AuralSAM2 adds audio prompts to SAM2 video segmentation via pyramid fusion
AuralSAM2 integrates audio into Meta's Segment Anything Model 2 for video segmentation, using pyramid feature fusion to avoid adapter overhead and audio signal degradation.

Researchers including Yuyuan Liu and Yuanhong Chen have published AuralSAM2, a method that integrates audio prompts into Meta's Segment Anything Model 2 (SAM2) for video segmentation. The work addresses a core limitation in existing audio-visual approaches: adapter-based methods that inject audio into SAM2's image encoder suffer from "audio prompt dilution," where the audio signal weakens as it propagates through the network, while also adding inference overhead that undermines SAM2's interactive speed.

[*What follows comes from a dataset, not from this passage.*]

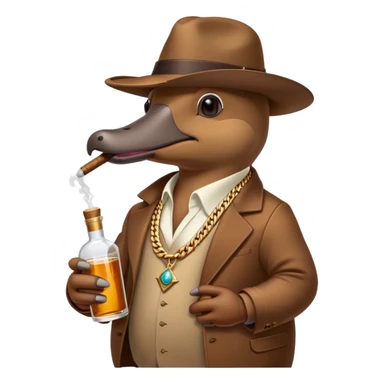 Platypus with a Cuban link chain smoking a cigar with a tequila bottle in his hand sticker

AuralSAM2 introduces AuralFuser, a module that fuses audio and visual features to generate sparse and dense prompts. Built on SAM2's feature pyramid, these prompts propagate auditory cues across visual layers without modifying the base model. The team adds an audio-guided contrastive loss to emphasize auditory relevance in dominant visual features, aligning the two modalities. The result is accuracy gains on public benchmarks with minimal impact on interactive segmentation speed—the core trade-off that adapter-based methods fail to balance.
Code is available at github.com/yyliu01/AuralSAM2. The preprint was posted on May 18, 2026.